The editors-in-chief of Out magazine and The Advocate, two LGBTQ brands owned by Pride Media, announced on Wednesday that they are leaving their posts. Their sudden departures, along with the exit of Pride Media’s interim CEO, Orlando Reece, have thrown the future of the storied publications into question.
“It has been an honor to helm this title, and to lead the most diverse team in this brand's nearly 30 years of publishing,” Phillip Picardi, the editor of OUT, wrote in an email to his staff. “I believe that LGBTQ+ media deserves the best — and that's what our team gave it while we had the chance.”
The Advocate's editor, Zach Stafford, who made news last December by becoming the first black editor-in-chief in the publication’s 50-year history, did not release a public comment.
The high-profile departures appeared to come as a surprise to employees at the two media outlets, both of which are based in Los Angeles.
“Personally, I'm pretty stunned,” one employee, who spoke to NBC News on the condition of anonymity, said. “The three highest-ranking members of a company all leaving in one day is just a lot to process, so I'm still wrapping my mind around it.”
Multiple sources with close knowledge of the departures said they were all due to the same reason: finances.
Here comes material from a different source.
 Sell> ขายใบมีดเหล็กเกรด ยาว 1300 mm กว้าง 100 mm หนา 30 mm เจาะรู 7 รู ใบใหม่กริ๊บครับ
Pride Media, which is part of California-based Oreva Capital, has been plagued by reports of unpaid invoices by freelance journalists.
Earlier this year, the National Writers’ Union announced a suit against Pride Media on behalf of 25 freelancers who were then allegedly owed over $40,000 for work that Pride Media published, but did not pay for. This suit and other efforts used the social media hashtag #OutOwes to draw attention to the issue.
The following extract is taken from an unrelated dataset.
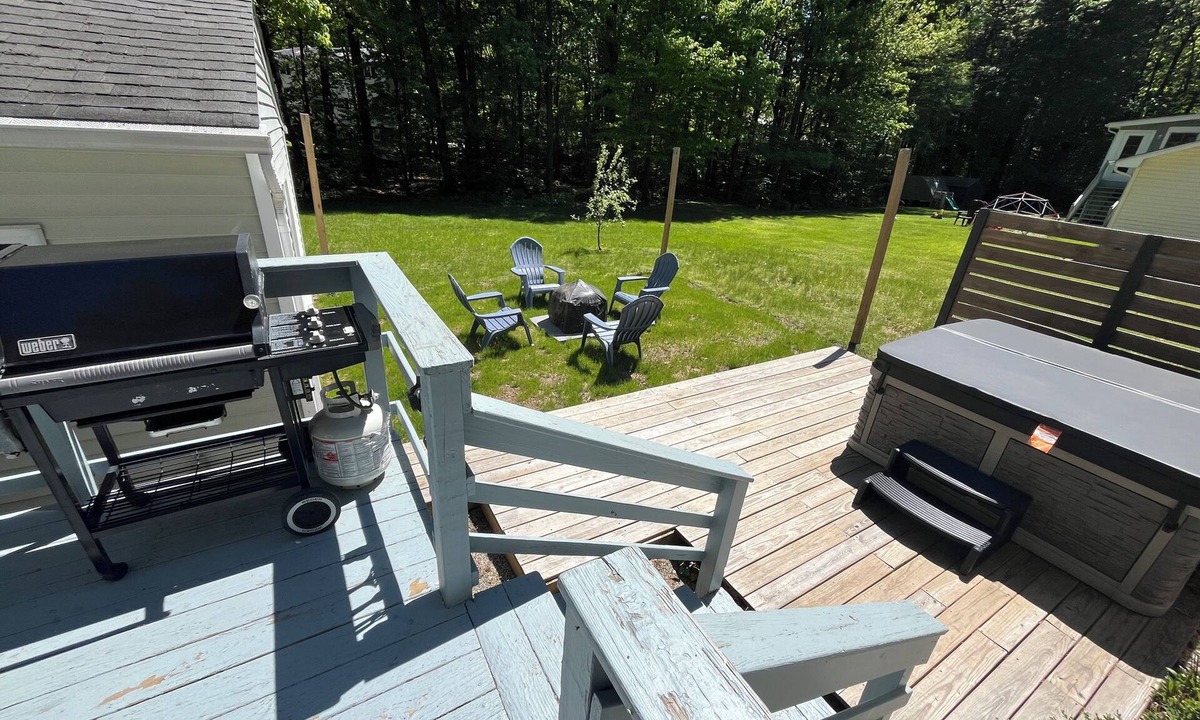Malletts Bay House | Malletts Bay Beach Access, Hot Tub, Sleeps 7/4BR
As recently as Tuesday, one LGBTQ journalist, John Paul Brammer, a contributor to NBC News Digital, said he hadn’t been paid by Out for months of work.
“I've turned my column in on time every week for the past two years and I was just told there's not a set date yet for my overdue invoices from September through November to be paid,” Brammer wrote to his more than 100,000 Twitter followers.
The Advocate and Out magazine are not the only LGBTQ outlets to face hurdles, financial or otherwise, this past year. Grindr-owned digital publication INTO was shut down in January of this year, shortly after one of its reporters published an unflattering story about the company’s president, Scott Chen. And U.K.-based Gay Star News, which started in 2012, published its last article in July.